Lenin’in 1924’te ölümünün ardından Sovyetler Birliği’nde ideolojik
bir ikilem başlamıştı. Başını Lev Troçki’nin çektiği grup, devrimin tüm
dünyaya yayılması için çaba gösterilmesi gerektiğini, Batılı ülkelerde
devrimin teşvik edilmesi gerektiğini söyleyen “
Sürekli Devrim”
tezini savunuyordu. Stalin ve yandaşları ise tam tersini düşünüyordu:
Sosyalist devrim önce Sovyetler’de sağlam bir temel kazanmalı,
sosyalizmin diğer kapitalist rejimleri tehdit etmediği ve onlarla bir
arada var olabileceği diğer ülkelere gösterilmeliydi. Böylece Batılı
ülkelerden gelebilecek tehditler engellenebilir, devrim gelişmesini daha
rahat sürdürebilirdi. Kısaca önce “
Tek Ülkede Sosyalizm” olmalıydı.
Ne
var ki, Lenin’in ardından Stalin ile girdiği iktidar kavgasını
kaybetmişti. Ve Troçki, Stalin’i dünya devriminden caymakla suçlayınca
önce Aralık 1927’de XV. Kongre’de Komünist Parti üyeliğinden atıldı,
ardından Kazakistan’ın Alma Ata kentine sürgüne yollandı.
Fakat
Alma Ata, Troçki için geçici bir sürgün yeriydi. Çünkü Stalin’in asıl
istediği, Troçki’yi Sovyet topraklarından tamamen atmak, başka bir
ülkede sürgüne yollamaktı. Bu konuda birçok ülkeyle Troçki’yi kabul
etmeleri için görüşme yapılmıştı ama hiçbir hükümet devrin hareketli
ortamında Troçki gibi bir ismi kabul etmeye yanaşmıyordu.
Ankara’daki
Sovyet Elçisi Çiçerin de Troçki’ye ülke arayanlardan biriydi. Türk
Dışişleri Bakanı Aras’la defalarca konuşmuş ve sonunda Türk hükümetini
razı ederek vize almayı başarmıştı. Ancak Türkiye’nin Troçki’yi kabul
etmek için bazı koşulları vardı:
- Troçki, politik bir göçmen olacaktı. Ona özel ve ayrıcalıklı işlem yapılmayacaktı.

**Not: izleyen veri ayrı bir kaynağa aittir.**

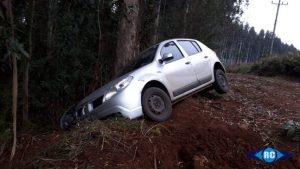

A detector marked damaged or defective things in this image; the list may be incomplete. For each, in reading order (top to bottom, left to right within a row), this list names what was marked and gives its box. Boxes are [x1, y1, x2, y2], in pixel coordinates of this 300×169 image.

- Başka ülkeye gitmek isterse, serbest olacaktı.
- Türkiye’de komünizm uğraşısı göstermeyecek, fakat istediğini yazabilecek ve bunları dışarda bastırıp yayabilecekti.

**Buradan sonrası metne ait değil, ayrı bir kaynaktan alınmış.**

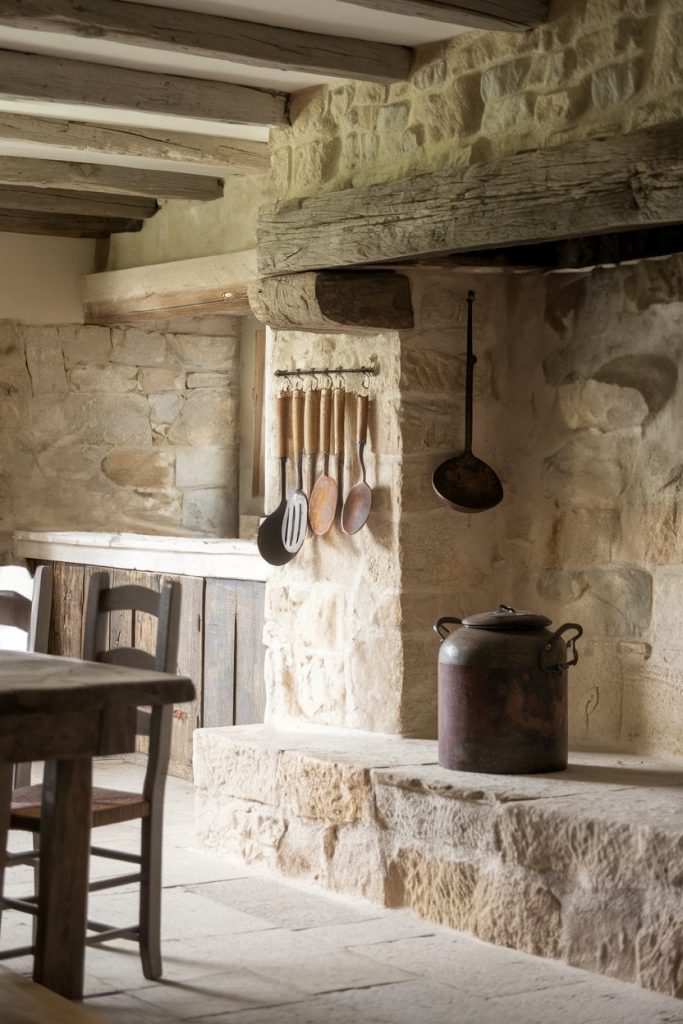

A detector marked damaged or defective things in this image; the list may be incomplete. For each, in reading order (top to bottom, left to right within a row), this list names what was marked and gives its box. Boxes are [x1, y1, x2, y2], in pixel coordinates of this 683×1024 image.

rusted pot lid [462, 604, 552, 628]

- Troçki’ye Türkiye’de SSCB tarafından hiçbir suikast düzenlenmeyecek, Türk Emniyeti her türlü güvenlik önlemlerini alacaktı.
Moskova,
bu koşulları kabul etti ve 23 Ocak 1929’da Moskova’daki Türkiye
Büyükelçiliği’nden Troçki'ye “Sedov” adıyla vize verildi.
Leon
Davitoviç Troçki, 12 Şubat 1929 Salı günü Lenin’in küçük adını taşıyan
“İlyiç” vapuruyla Odesa’dan İstanbul’a gelmişti. Yanında ikinci karısı
Natalya, oğlu Leon Sedov ve iki de (GPU) Sovyet gizli polisi vardı.
Türk Basını Uyarılıyor
İçişleri
Bakanlığı, aynı günlerde hem İstanbul Valiliği’ne, hem de Basın-Yayın
Genel Müdürlüğü’ne iki uyarı mektubu yazmıştı. Valilikten, herhangi bir
suikasta karşı önlem alınması, Basın-Yayın’dan da gazetelerin Troçki ile
ilgilenmemesi isteniyordu.
O günlerde İstanbul’da Rusya’dan
devrim sırasında kaçan 3-4 bin Beyaz Rus vardı. Bunlar Troçki’nin
kurduğu Kızılordu’ya yenilerek ülkelerinden kaçmışlardı. Bunların ve
dünyanın başka ülkelerine dağılan 200 binden fazla Beyaz Rus’un,
Troçki’yi öldürmek istemesi en doğal düşünceydi.
Troçki’yi getiren
İlyiç Vapuru, öğleye doğru Büyükdere açıklarında demirliyor, gemiye
binen bir Türk görevli, gelenlerin pasaportlarını inceliyordu. Bu sırada
Troçki’nin oğlu Lev Sedov, Türk görevliye
Atatürk’e sunulmak üzere bir
mektup verdi. Troçki’nin imzasını taşıyan mektup şöyleydi:
Sayın Başkan,
İstanbul’un
kapısında size şunu bildirmekle onur duyuyorum: Türkiye sınırlarına
kendi dileğimle gelmedim. Bu sınırlardan içeri zorla sokuluyorum.
Rusya’dan
çıkarıldıktan sonra, dilini bildiğim ve tanıdığım bir ülkeye gitmeyi
yeğlerdim. Fakat sürenler, sürülenlerin bu isteklerine çok ender özen
gösteriyorlar.
Ülkemden çıkarılmam sorunun sonu değildir. Olaylar
kısa ya da uzun sürede gelişecektir. Ben Marks’ın okulunda tarihe
sabırla bakmayı öğrendim.
En iyi duygularımı kabul buyurunuz Bay Başkan.
Leon Troçki.
İlyiç
vapuru öğleden sonra Galata yolcu salonuna yanaştı. İstanbul Polis
Müdürü ve Sovyet Konsolosluğu görevlileri onu karşıladılar. Troçki,
Başkonsolosluğa Komünist Partisi Merkez Komitesi’ne gönderilmek üzere
mektup verirken, 22-23 yaşlarındaki oğlu Lev de 12 sandık eşyanın
taşınmasıyla uğraşıyordu. Troçki’nin Moskova’ya gönderilmesini istediği
mektubun içeriği şöyleydi:
Türk polisiyle işbirliği
içindesiniz. İstanbul’da düzenlenecek bir komployla beni öldüreceksiniz.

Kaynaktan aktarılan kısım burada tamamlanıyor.